Dame Lowell Goddard. Photograph: Ben Pruchnie/Getty Images
Sandra Laville, The Guardian
Dame Lowell Goddard has resigned as head of the independent inquiry into child sexual abuse, the home secretary Amber Rudd has said.
Goddard, 67, a New Zealand high court judge, was appointed to lead the inquiry following the resignation of two previous chairwomen.
Rudd said on Thursday evening: “I can confirm that Dame Lowell Goddard wrote to me today to offer her resignation as chair of the independent inquiry into child sexual abuse and I have accepted.
“I want to assure everyone with an interest in the inquiry, particularly victims and survivors, that the work of the inquiry will continue without delay and a new chair will be appointed.
“I would like to thank Dame Lowell Goddard for the contribution she has made in setting up the inquiry so that it may continue to go about its vital work.”
The inquiry was set up in 2014 amid claims of an establishment cover-up following allegations that a paedophile ring operated in Westminster in the 1980s.
Goddard, who was appointed in April 2015, quit on Thursday afternoon in a letter sent to Rudd. She wrote: “I regret to advise that I am offering my resign as chair of the independent inquiry into child sexual abuse, with immediate effect. I trust you will accept this decision.”
In accepting Goddard’s resignation, Rudd wrote: “I know that this will have been a difficult decision for you to make, and something you will have carefully considered. I was sorry to receive your letter, but I accept your decision.”
Rudd described the inquiry as the “most ambitious public inquiry ever established in England and Wales” and praised Goddard for having helped it to make progress.
Rudd stated: “I know how personally committed you have been to ensuring that the inquiry is a success for those at its heart: the survivors and the victims. You have consistently demonstrated your desire to leave no stone unturned in order that the voices of those victims might be heard.
“It is a testament to your commitment that you have taken the difficult decision to stand down now, having set the inquiry firmly on course, and allow someone else to lead it through to the end.
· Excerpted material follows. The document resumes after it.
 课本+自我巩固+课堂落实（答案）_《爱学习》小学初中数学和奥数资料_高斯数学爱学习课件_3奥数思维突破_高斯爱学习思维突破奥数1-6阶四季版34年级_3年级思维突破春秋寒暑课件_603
With regret, I agree that this the right decision.”
The Daily Mail adds:
Justice Goddard spent more than 70 days of her first year in job abroad or on holiday, it was reported today.
During her first 12 months in the £500,000-a-year role, she spent 44 working days abroad and 30 days on annual leave.
She earned a basic salary of £360,000, but her rent, car, driver and £12,000-a-year utility bills allowance was also picked up by the taxpayer.
Four business-class return flights to New Zealand for her and her husband, plus two return economy flights a year for her children, were also part of her package.
The cost of all these flights would have cost about £55,000 a year.